Now, there is a new situation. Raúl Castro’s commitment to economic reforms and institutionalization is opening venues for the discussion of new ideas within the power structure and the general political discourse. Propositions in favor of a gradual expansion of the role of the market in the economy, the diversification of the property structure, and the expansion of the role of law and rules in the functioning of the government and the party are openly discussed. This is not part of a transition to a multiparty democracy but embodies the relaxation of information controls; it improves the feedback mechanisms and the expression of pluralistic interests within the Cuban elites and society. Public discourse is breaking away from the homogenous path of previous times, not only in the publications of the Catholic Church or reform oriented magazines such as Temas, but also in the core publications of the system. Newspapers and radios on the provinces, and even Granma, the Communist party newspaper, are talking about the need for separating the party from the government, and economic changes.
One ideological factor that is emerging in post-Fidel Cuba is an increased emphasis in a nationalist narrative.
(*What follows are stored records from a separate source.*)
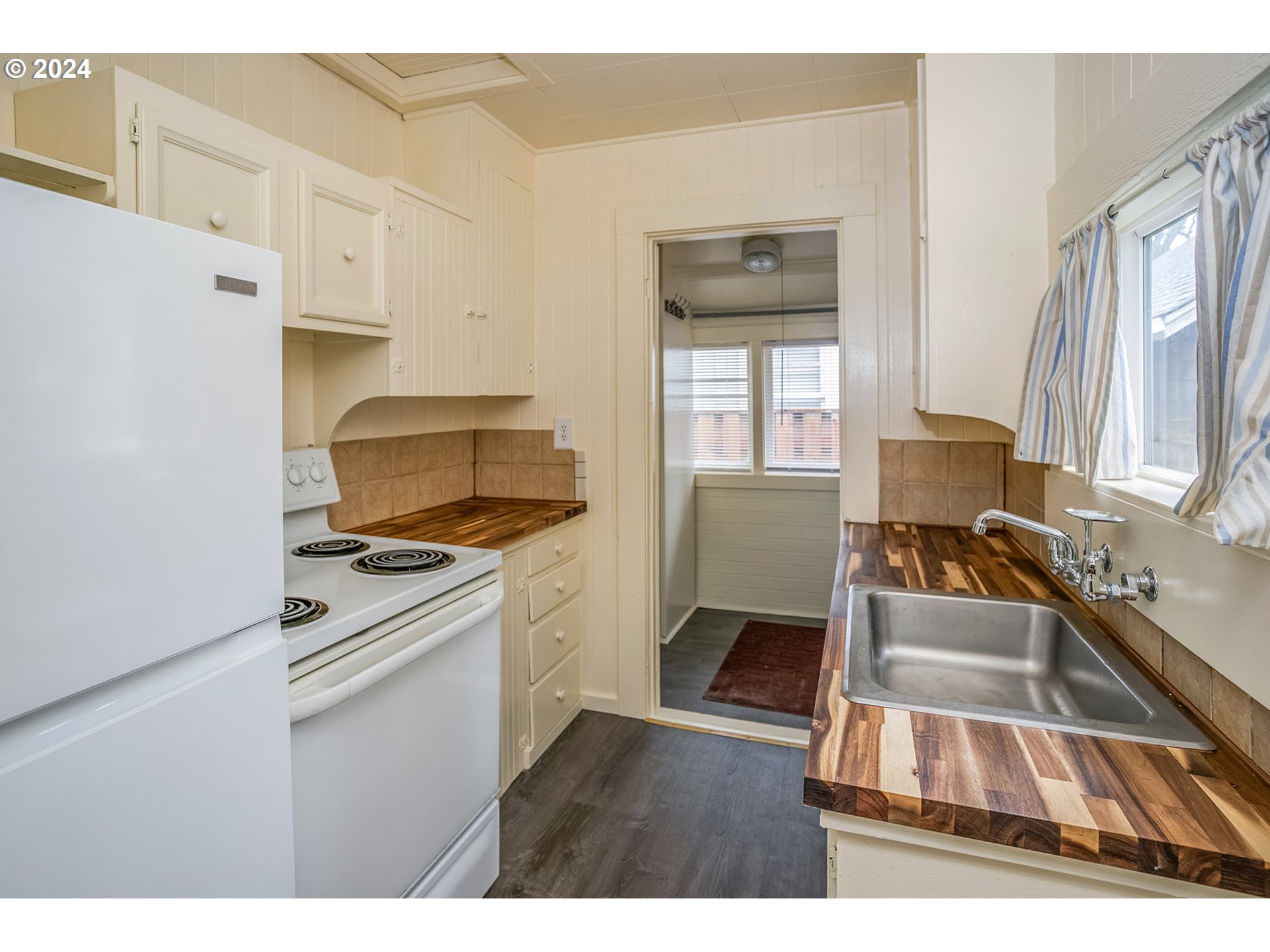 Galley kitchen with butcher-block countertops, cream cabinetry, white appliances, and a stainless-steel sink by the window.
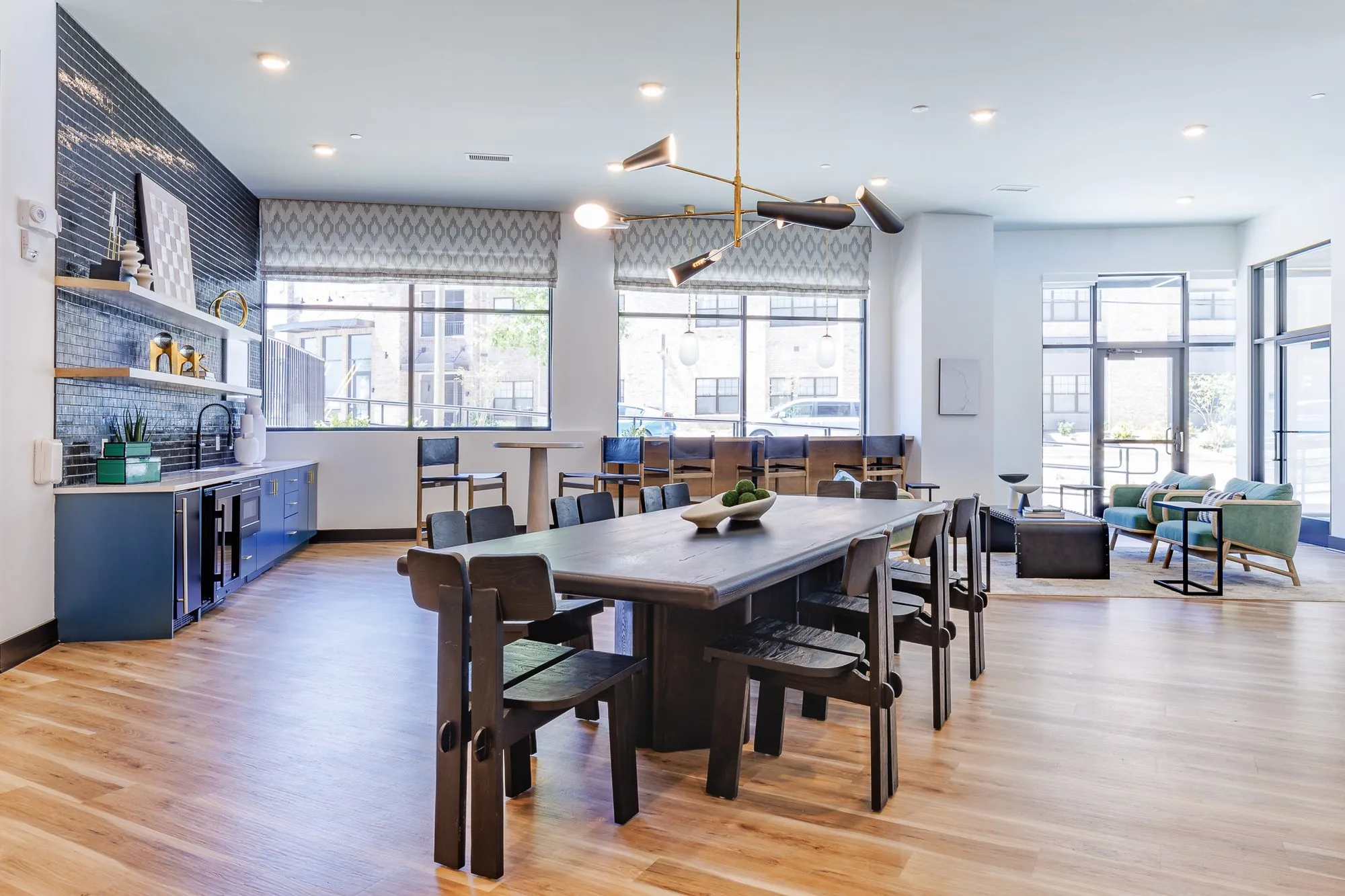 Multifamily amenity clubroom with a long dark table under a brass stick chandelier, blue cabinetry and black tile wall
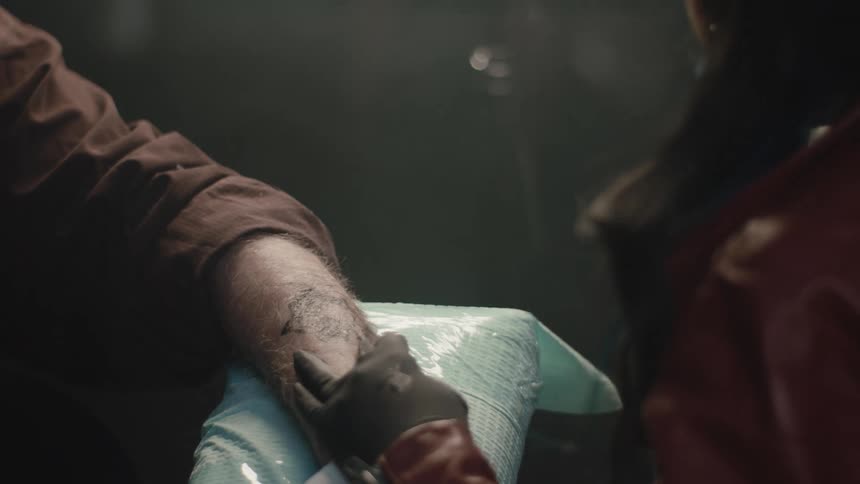 Female tattoo artist puts tattoo on elderly mans arm using a tattoo gun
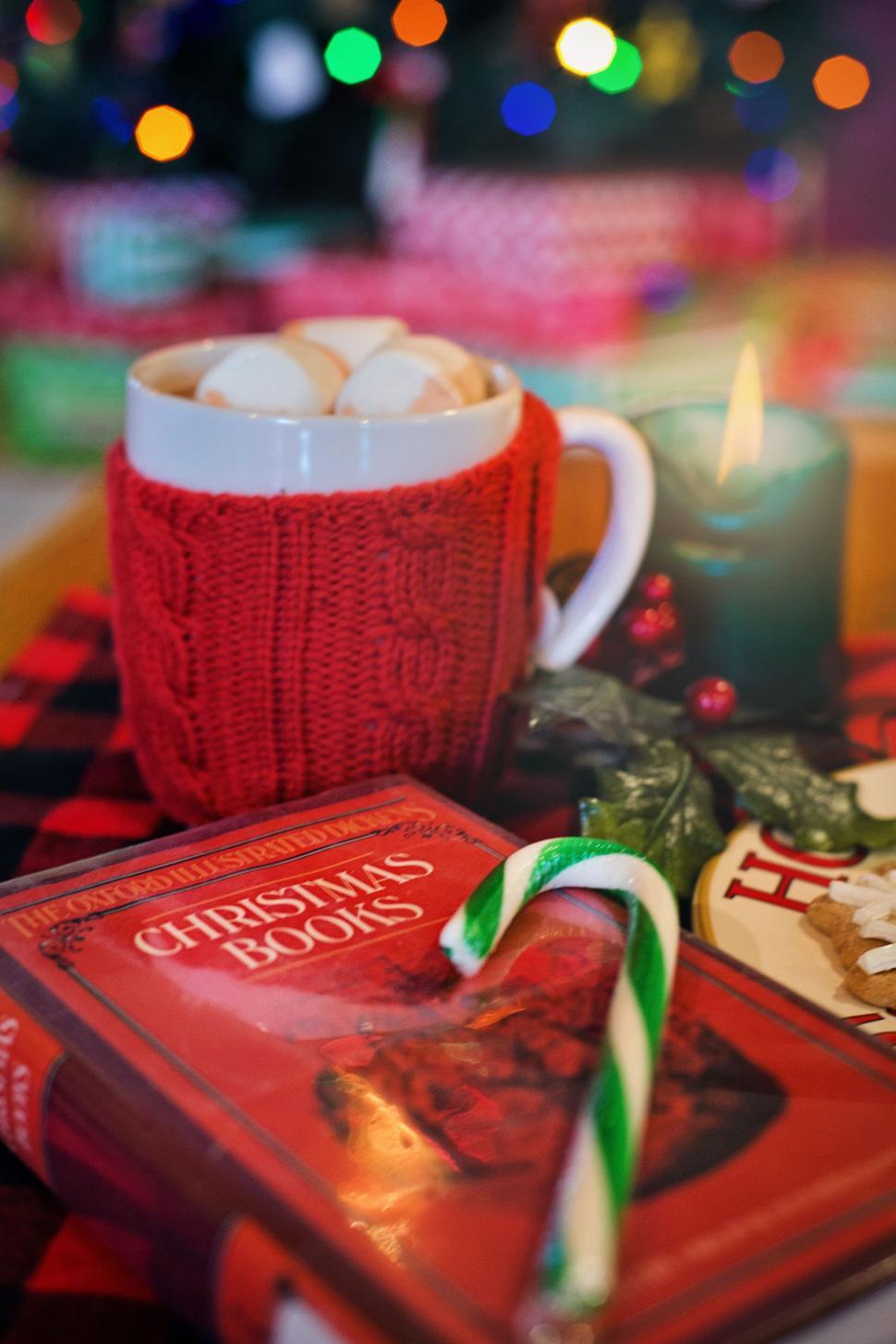Free Image of Red Christmas Book and Green Striped Candy Cane 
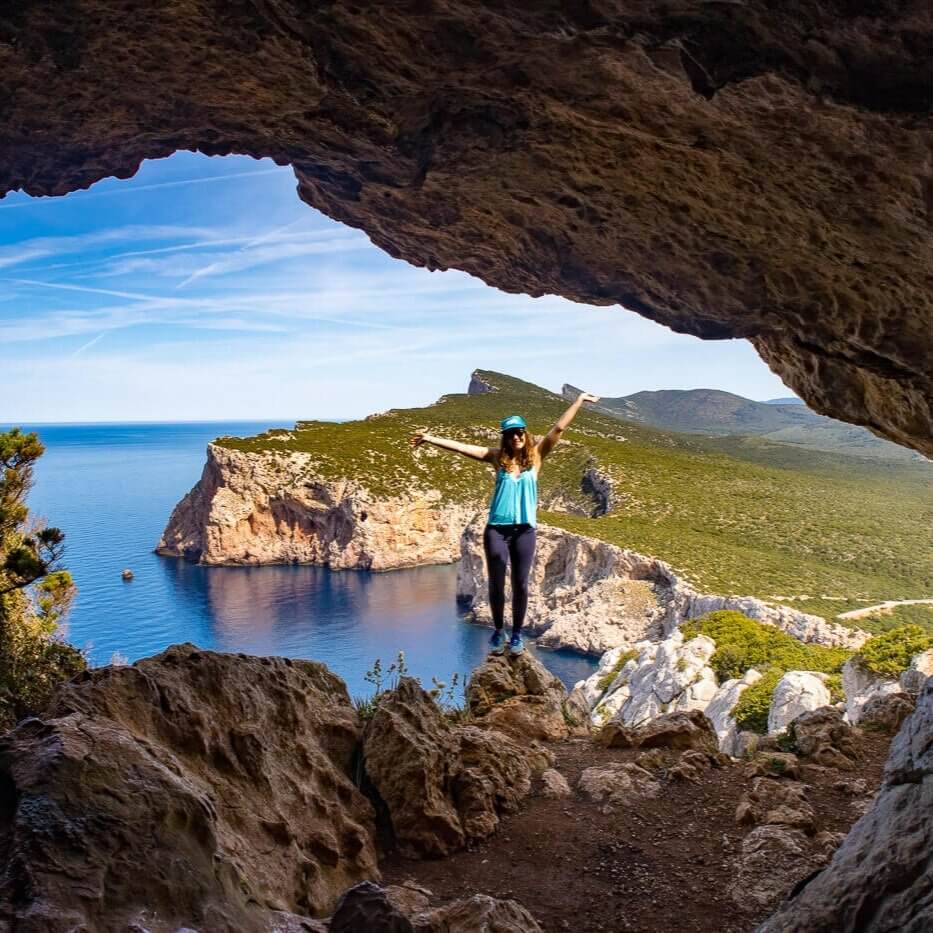 Woman performs a yoga stretch on a sea cliff rock overlooking blue water and coastline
During Fidel Castro’s leadership, particularly before 1989, the PCC promoted Marxist ideas, and a feeling of belonging to the international communist bloc. Internationalism, not nationalism, was the central ideological principle of Cuba’s foreign policy. Raúl Castro’s recent speech in Guantanamo on July 26 demonstrated how this feature is changing. The emphasis on the revolution as a solution to a history of national humiliation is becoming predominant and issues such as national unity, economic growth and public order are emerging more forcefully in the official discourse. The struggle against the U.S. embargo is becoming again the strongest unifying ideological factor in the elite and between the PCC and the population.
When Fidel first got sick, the community of Cubans in Miami Florida reserved the Orange Bowl for the anticipated celebration of his death. In other parts of the world, such as the Southern Cone of Africa where Cuban troops were key allies in the struggle against Apartheid, there was sorrow. What would happen in Cuba when Fidel Castro dies? A funeral. Fidel Castro’s death will speed up the processes of economic reform and institutionalization but it is important not to exaggerate his current impact in Cuba’s policymaking. He is a retired head of State.
Fidel Castro is not Cuba. Rather than focusing on an 86 years old revolutionary patriarch, the international community, particularly the United States, should look at the general trends operating in Cuba’s politics and economy. A central question is whether Raul Castro’s economic reform can alter the political dynamics and the distribution of power not only in Cuba but on the Cuban American community and U.S. debate about the embargo. Everything else being equal, a market oriented Cuban economy, with a vibrant non-state sector, would create a virtuous cycle of pressures to end the U.S. sanctions that would also strengthen the appetite for more economic opening in Cuba. It is also worth noticing that the antipathy generated by Fidel among some segments of the American public and the Cuban American community is not transferable to any other leader, not even his brother Raúl. That is a present that Fidel Castro has given all of us to contemplate on this, his 86th birthday.